• EXERCISE BRIEF: Return only the lines below starting at the line containing "Kadın Fiyonklu Metal" and ending at the line containing "3 slaapkamer Villa", both included, exactly as they are and with no pictures.
---------- THE DATA
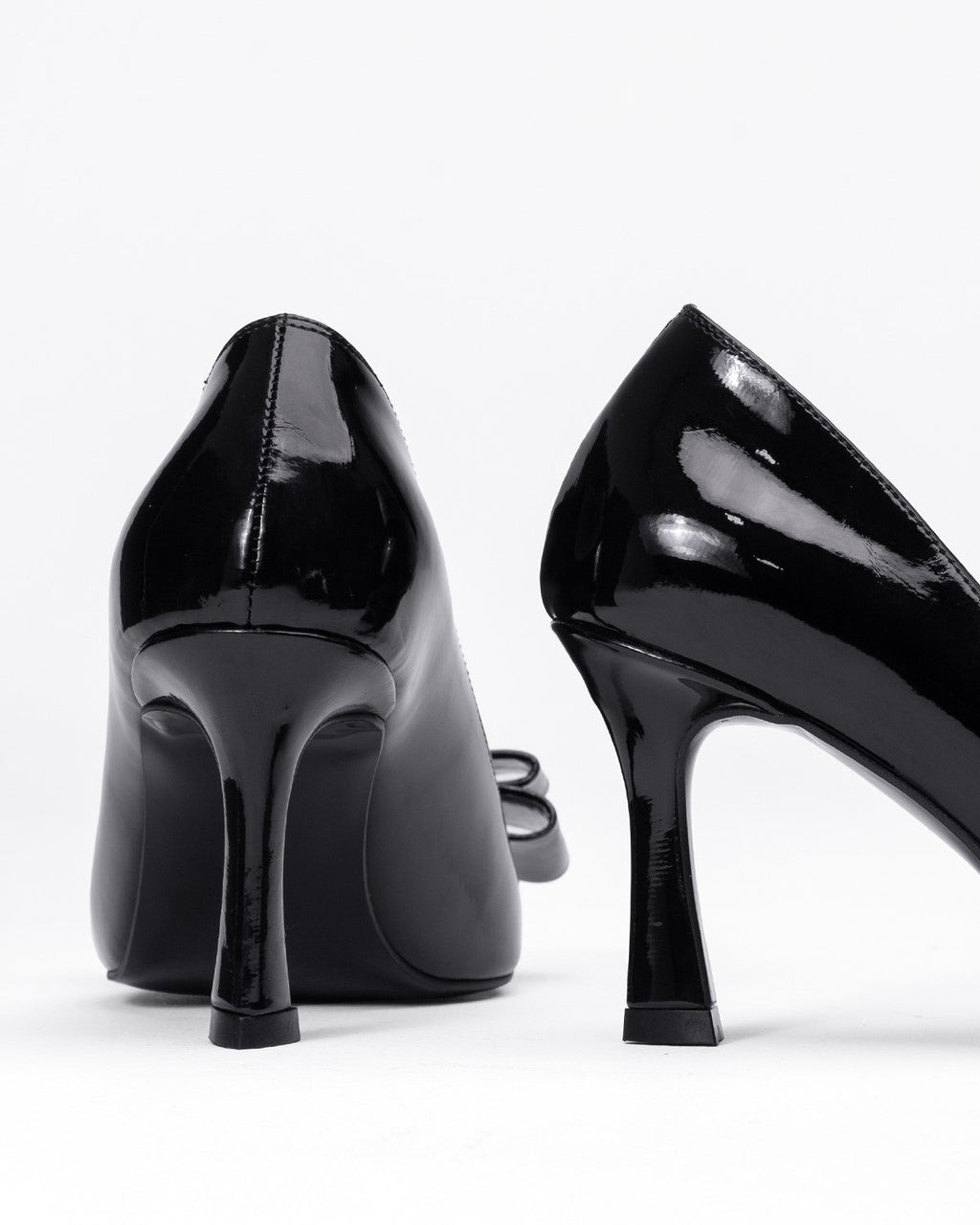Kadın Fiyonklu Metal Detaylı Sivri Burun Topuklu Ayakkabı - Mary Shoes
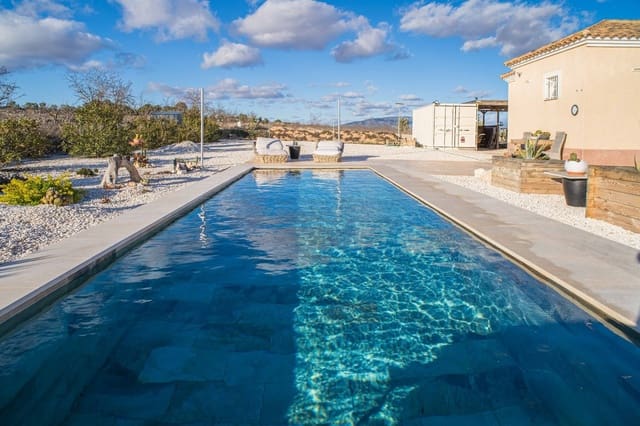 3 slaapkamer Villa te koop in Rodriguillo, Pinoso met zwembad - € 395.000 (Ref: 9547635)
--------------------
---------- THE DATA
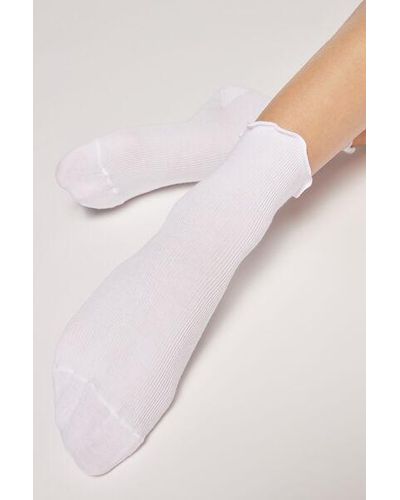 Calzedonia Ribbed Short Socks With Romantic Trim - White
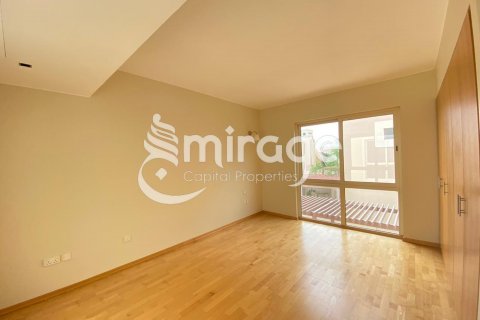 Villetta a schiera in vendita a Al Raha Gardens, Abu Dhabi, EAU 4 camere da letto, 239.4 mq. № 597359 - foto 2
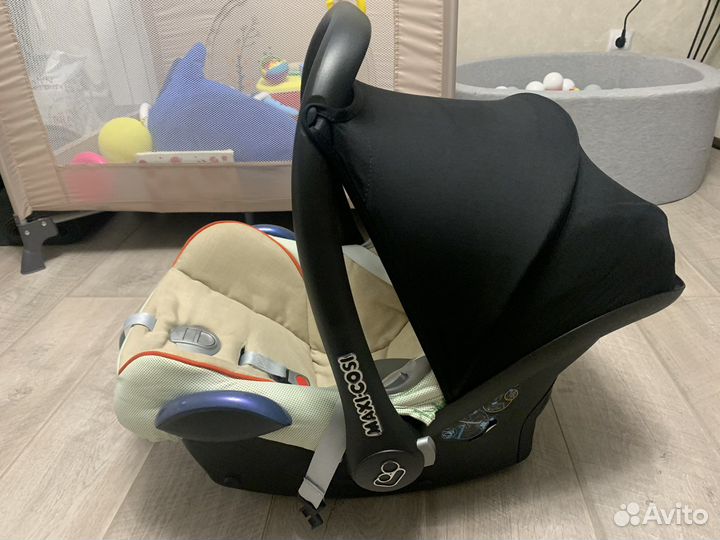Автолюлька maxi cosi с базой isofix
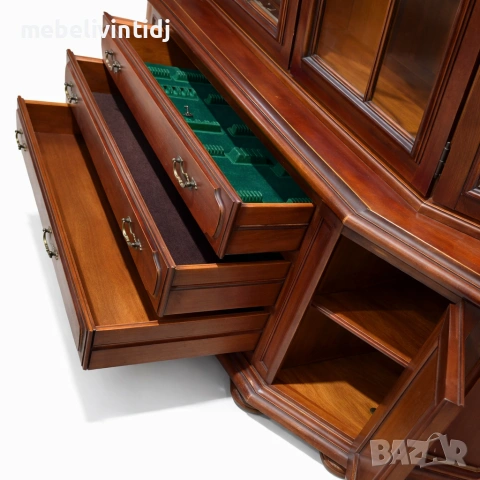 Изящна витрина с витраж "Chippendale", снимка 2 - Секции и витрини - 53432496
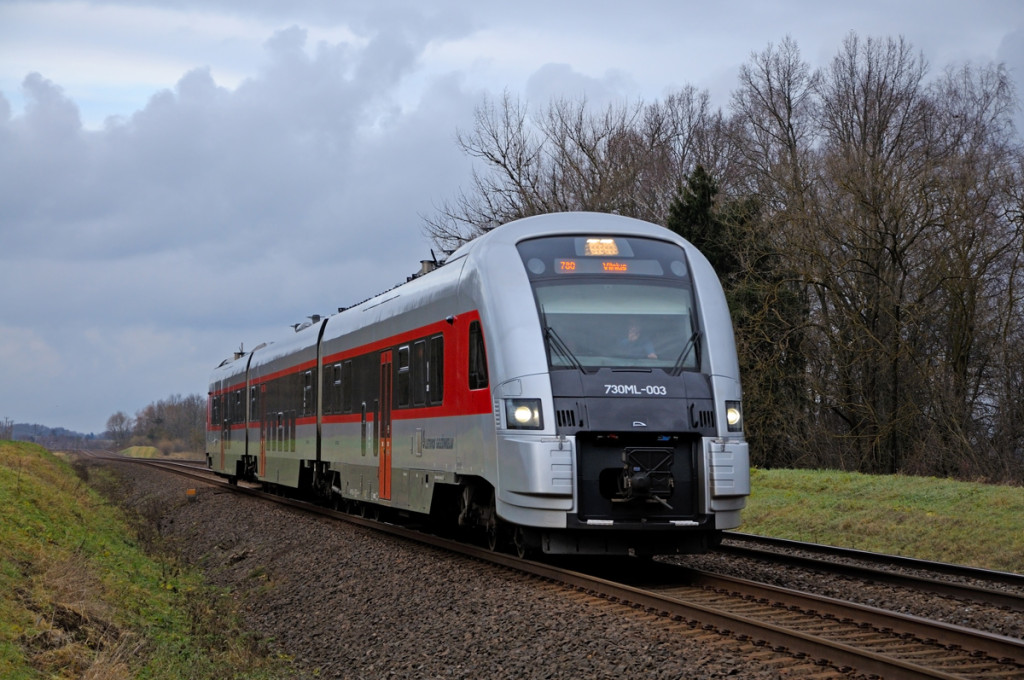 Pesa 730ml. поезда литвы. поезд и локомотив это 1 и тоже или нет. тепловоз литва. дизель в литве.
--------------------
• REPLY:
Kadın Fiyonklu Metal Detaylı Sivri Burun Topuklu Ayakkabı - Mary Shoes
 3 slaapkamer Villa te koop in Rodriguillo, Pinoso met zwembad - € 395.000 (Ref: 9547635)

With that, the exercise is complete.